Joining the Hive

I recently finished up some data aggregation work involving Apache’s Hive, and as a means of getting some MapReduce work off the ground quickly, it’s pretty good. Hive’s goal is to abstract away MapReduce behind basic SQL queries, and on that front it succeeds. The fact that I’m ultimately doing MapReduce jobs is hidden except for what would look like a minor quirk if I didn’t know that was what was going on under the covers. That said, there were a couple of things I noticed both during development and with running the jobs on Amazon’s EMR service that are worth noting.

General Hive observations

This isn’t so much a pointer on how to use Hive as it is just something to note – data in your Hive tables ends up listed in the order you grouped them by in your INSERT command, not the order the columns are listed in your CREATE TABLE statement. Obviously this doesn’t impact your scripts, but don’t be surprised when the columns you see when you query a Hive database locally aren’t in the same order as they were when you defined the table.

I found that making simple intermediate tables made building out my final output easier. In fact, I think I actually had more helper tables than I had tables with the stats I wanted to view. It also gave me intermediate steps I could look at to investigate where my query logic was off if I saw errors in my test data. Another benefit was that I could break my processing into a series of fairly straightforward queries, which kept the logic more readable. The biggest downside was that I started having so many tables that it could be hard to keep track of how all I had organized my data where, although consistent naming convention helped clear that up. With a little thinking and planning, I was also able to re-use some of these intermediate tables in multiple queries.

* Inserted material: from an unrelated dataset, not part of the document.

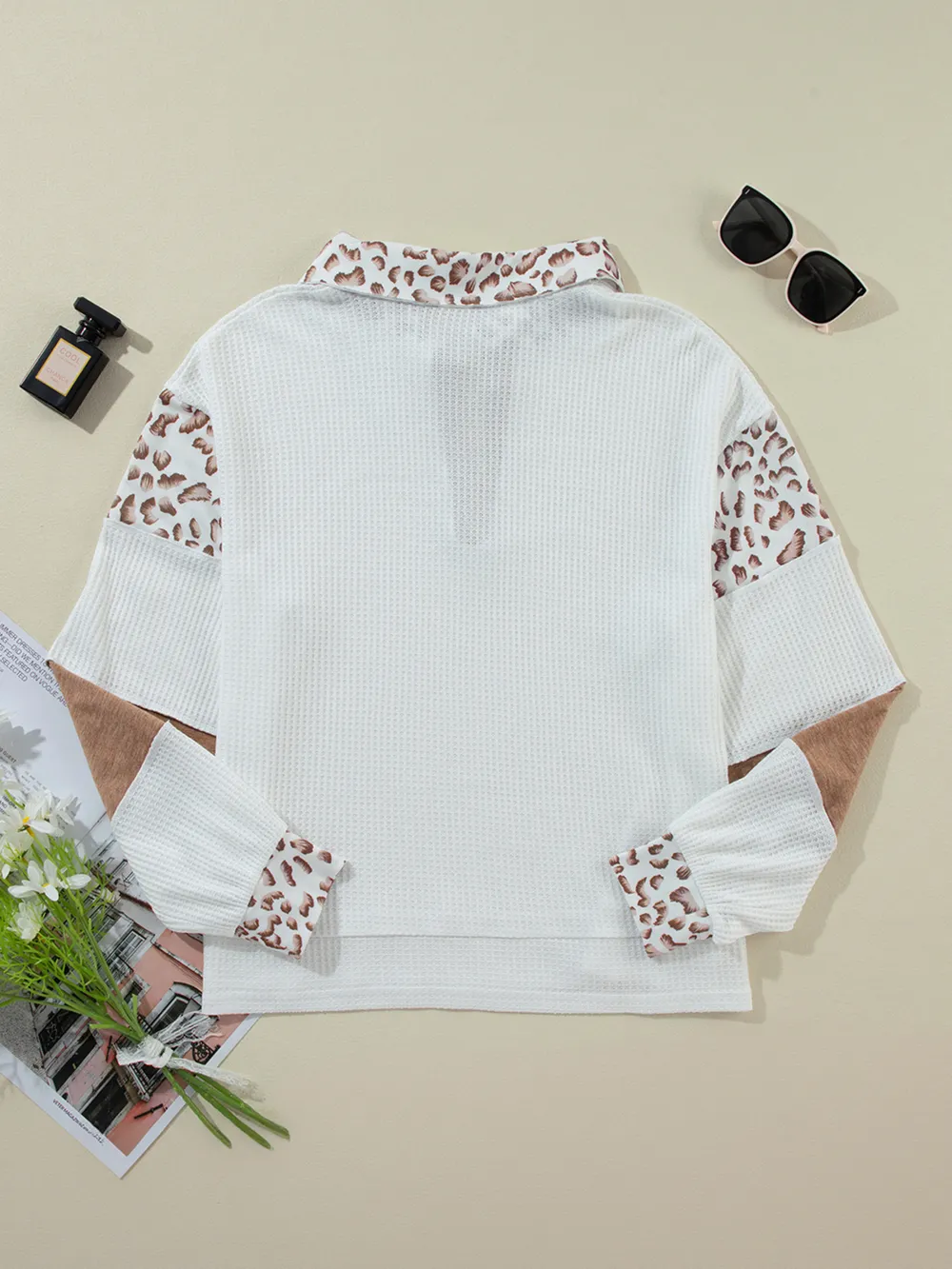 Game Day Bow Embroidered Leopard Color Block Patchwork Top, image 6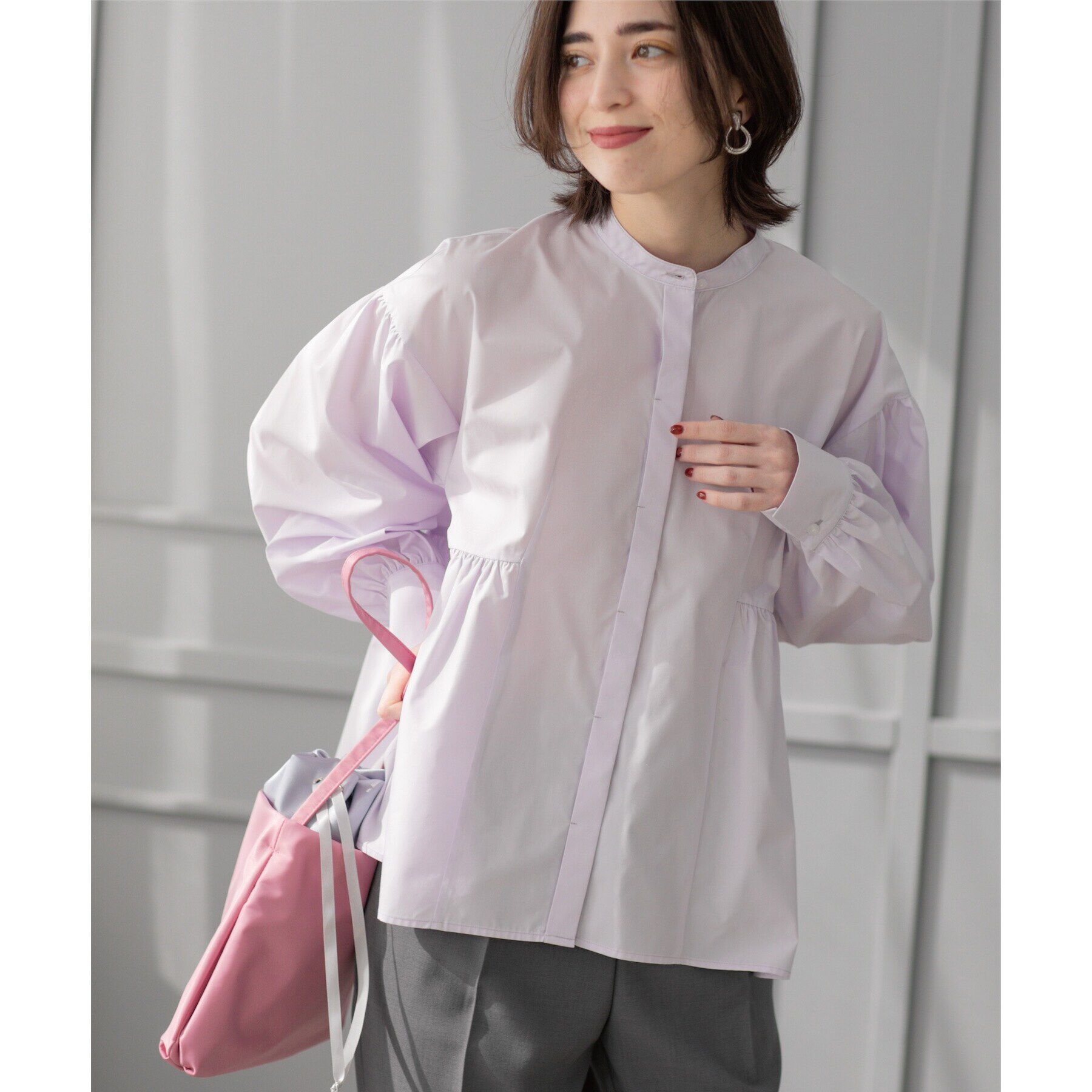 OPAQUE.CLIP「バンドカラーペプラムシャツ【洗濯機洗い可】」|シャツ・ブラウス|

One error message I’d see periodically was that a certain field wasn’t in the GROUP BY expression. OK, Hive is really just a SQL wrapper around MapReduce, so this column was needed to help Hive figure out the mapping part. No big deal, just add the column to the GROUP BY clause and all’s well. But another thing I would see was an error that a field in a table was invalid, despite knowing for a fact the field is in the table in question. The actual issue, however, was much simpler – that field was missing from the GROUP BY expression. Why Hive didn’t just throw this error instead of claiming the field was invalid I have no idea, but the good news is that it’s an easy fix.

Actually, errors relating to fields missing from the GROUP BY clause were the only time that I was reminded that Hive runs MapReduce under the covers. Everything else was just SQL. This made Hive a great stepping-stone into doing MapReduce jobs, especially since about 80% of what we were doing fit very nicely into SQL queries anyhow (more on the other 20% later).

By the way, Hive writes everything but column headers from the tables it populates to standard error. If you’re hoping to capture output from the Hive jobs, stderr is the output you’re going to want.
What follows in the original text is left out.